Jewry-inward or outward
Jews were a peoplehood long before we were a religion. I’ve said many times, I know a lot of ex-Catholics, but I never met an ex-Italian. When we became a religion we suddenly had a bunch of rules to follow and the peoplehood and the religion kind of merged.
For a long time people left us alone and we did pretty well. Then along came the Babylonians and then the Romans and pretty soon we were for the most part out of our native land and this great Diaspora was created. We lost our Temple and most of our social organizations that held us together. So, we invented something uniquely Jewish: The Portable Community.
We had no Temple, so we built synagogues (Vey! Do we build synagogues!) Our national social network was destroyed. So we created Jewish organizations like Family Services to create our own wherever we happen to be.
Today, at least half the Jewish people reside outside the Jewish Nation of Israel. We are well integrated into these societies worldwide. We maintain the “Jewish Community” for the most part but we adapt. Those of us who really want to remain Jews do it in many wonderful ways.
We contribute to our Jewish organizations, monetarily and with our time and expertise. We do or do not belong to a given synagogue and we have our individual ideas of what constitutes a Jew. The Heritage Florida Jewish News, our Jewish newspaper here in Orlando, had two interesting columns, one on top of the other a few weeks ago. Two rabbis arguing (so, what else is new?). The subject? Tikun olam—roughly translated: “To Heal The World.”
I was raised that tikun olam was the whole purpose of Judaism. That with our laws, our sensible community organizations, our tradition of taking care of our own and then reaching out—we could, each of us in our own way, heal at least a little corner of the world.
One rabbi, from the Conservative Rabbinical Assembly, pretty much defined tikun olam as I understood it: healing our part of the world and seeking social justice for all from a Jewish point of view.
The other rabbi, extremely orthodox and supposedly a descendant of the Bal Shem Tov himself, takes a totally different course.

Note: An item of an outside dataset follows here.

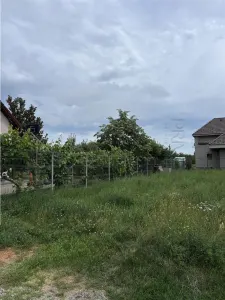 Teren- MOSNITA VECHE- zona centrala cu Front stradal generos de 22 ml - Mosnita Veche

He feels if there is any “meat” at all to tikun olam, it is strictly in the study of Torah and living the life of an observant Jew. That the goal of life is the study of Torah and living by those rules as they are interpreted by this particular group of rabbis.
Well, in what world? In the days of the shtetl, we had “our ways,” they had “their ways.” We do not live in a shtetl any more—Williamsburg Brooklyn notwithstanding. Orthodox Jews like Senator Joseph Lieberman of Connecticut serve in the U.S. government and work for their beliefs in social justice and a good life for all, totally in keeping with the core values of Judaism.

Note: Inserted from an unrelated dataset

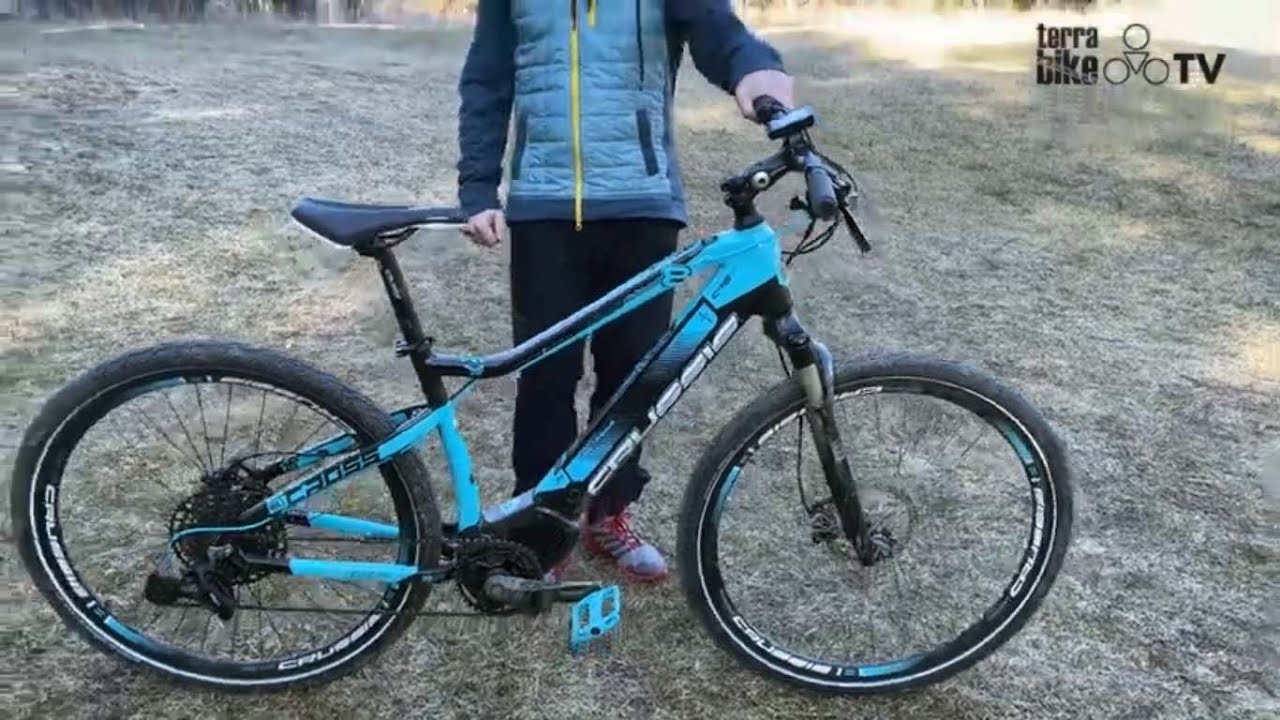 Čo nám prezradilo dlhodobé testovanie ebike Crussis?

To put it in a different way, as Hillel said, ”If not me, then whom? And if not now, then when?” The earth needs a whole lot of healing and Jews should be in the forefront. There are philosophies that, fronted by the mask of religion, state that not only should their believers live in their way—so should all of us. Jews never believed this: Accept our beliefs; fight your way in. You can become Jewish. Sorry, not a Jew—that’s by birth—but a follower of the Jewish religion.
The Catholic kings of the Middle Ages tried to force their religion down the throats of all people with some devastating results, especially for the Jewish people.
Today, the descendants of the Caliphate, the Muslim believers, are trying the same thing. But look at them in action. Shia fights Sunni. The civil war in Syria is descending into just that: A religious war between two warring factions of Islam. The millions of relatively secular citizens of Syria who, while probably practicing some form of Islam, lived in peace with their Sunni and/or Shia neighbors are mostly in Turkey and Jordan, afraid to go home.
We Jews keep our disagreements mostly in intense discussion, some lasting for generations. But, we don’t take up arms against each other. However some of us may argue that we should continue to turn inward and study and forget the rest of the world. It is not possible today.
In an integrated society like America, doing the right thing—the just thing—would seem to be easy. There are those, some of them even Jews who feel, “I got mine. Go get your own.”
That is not tikun olam. To me that is not Judaism. We live in a tough world. Our job as Jews, as human beings, should be to make it better. Who said it was easy? But burying yourself in ancient texts and customs is not the way to create the kind of world we want for our children and grandchildren.